Hasta que un día, la desconocida beldad dejó caer un pañuelo al paso del rey. Éste lo recogió devotamente y, acercándose a ella, se lo devolvió en silencio, sin que mediaran palabra en ese encuentro; apenas el esbozo de una dulce sonrisa. Solo, después de desaparecer más allá de la puerta, el rey escuchó un doloroso lamento que se le clavó en la memoria sin poderlo ya desterrar. Lo cierto fue que, a partir de entonces, la muchacha nunca volvió a aparecer por la catedral, a pesar de que el monarca pasó días esperándola y buscándola por los rincones del templo. Cuando trató de saber algo de ella, le confirmaron que en la casa donde le había visto entrar todos los días hacía muchos años no vivía nadie, porque todos sus habitantes fallecieron víctimas de la peste negra.
Deseando retener aquella idílica visión de la joven en su memoria, encargó a un artífice que fabricara un reloj para la catedral. Éste debía reproducir los rasgos de la muchacha en una figura que, además, al sonar las horas, lanzase un gemido como el que él había escuchado y no podía borrar de su recuerdo. Desgraciadamente, el artífice no logró siquiera aproximarse a la belleza que le había descrito el monarca. A la hora de reproducir su lamento solo logró que el muñeco lanzase un graznido, que años después se optó por que desapareciera.

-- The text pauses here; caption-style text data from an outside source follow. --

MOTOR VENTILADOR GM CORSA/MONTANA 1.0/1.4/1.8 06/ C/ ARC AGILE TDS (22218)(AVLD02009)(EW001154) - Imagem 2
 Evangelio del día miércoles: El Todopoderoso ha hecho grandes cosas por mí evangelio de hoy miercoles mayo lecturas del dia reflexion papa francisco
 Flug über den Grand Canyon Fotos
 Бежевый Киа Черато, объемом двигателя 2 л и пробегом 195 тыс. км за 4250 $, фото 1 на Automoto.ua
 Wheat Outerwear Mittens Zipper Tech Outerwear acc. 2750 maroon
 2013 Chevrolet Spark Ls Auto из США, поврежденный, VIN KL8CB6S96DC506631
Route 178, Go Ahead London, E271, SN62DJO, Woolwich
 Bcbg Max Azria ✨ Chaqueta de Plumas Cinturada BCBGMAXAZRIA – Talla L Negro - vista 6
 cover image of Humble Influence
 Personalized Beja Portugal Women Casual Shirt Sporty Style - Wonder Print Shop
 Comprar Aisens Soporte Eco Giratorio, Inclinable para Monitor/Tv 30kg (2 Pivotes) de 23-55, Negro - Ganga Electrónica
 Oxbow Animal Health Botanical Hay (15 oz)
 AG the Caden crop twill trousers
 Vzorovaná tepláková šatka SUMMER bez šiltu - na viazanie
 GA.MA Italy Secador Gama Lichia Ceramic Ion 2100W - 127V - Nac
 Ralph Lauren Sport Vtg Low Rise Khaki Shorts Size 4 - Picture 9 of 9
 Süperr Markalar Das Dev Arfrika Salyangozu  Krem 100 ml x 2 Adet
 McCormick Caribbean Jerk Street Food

Leyendas entorno a un reloj, un símbolo, del que también las páginas de la literatura universal han dejado constancia. Así, Víctor Hugo o Benito Pérez Galdós lo citan en alguna de sus obras. «No me avergüenzo de decir que jamás, en mis frecuentes visitas, perdí el encanto inocente de ver funcionar el infantil artificio del Papamoscas», escribió el autor de Fortunata y Jacinta.